*** Opening of EXERCISE DATA ***
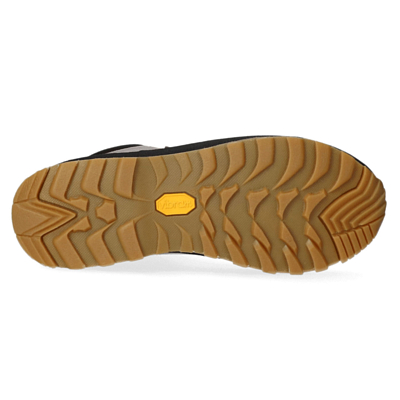 Ботинки Lomer Bio Naturale Suede Mid MTX Taupe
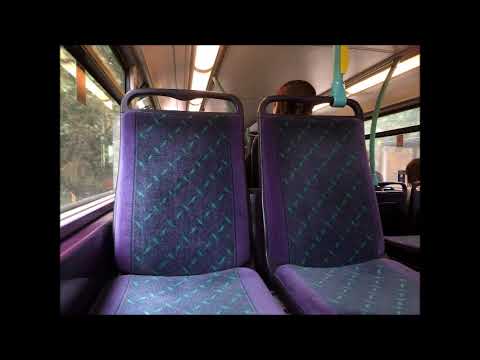 *Full Kickdown & Thrash!* First Essex Alexander ALX400 Volvo B7TL 30954 YJ51 RDO Route 70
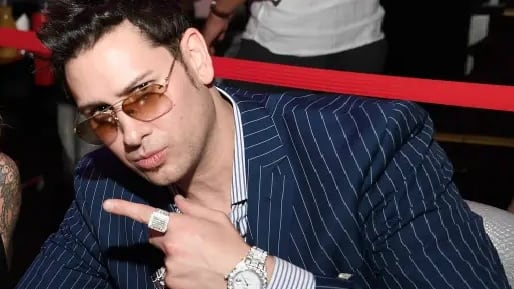 ¿Quién es David Brian Pearce? El productor de Hollywood condenado por homicidios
*** Close of EXERCISE DATA ***
TASK BRIEF -
Your answer must reproduce exactly the lines from the line with "RDO Route 70" through the end of the material, both ends included, with every picture dropped.

TASK RESULT -
 *Full Kickdown & Thrash!* First Essex Alexander ALX400 Volvo B7TL 30954 YJ51 RDO Route 70
 ¿Quién es David Brian Pearce? El productor de Hollywood condenado por homicidios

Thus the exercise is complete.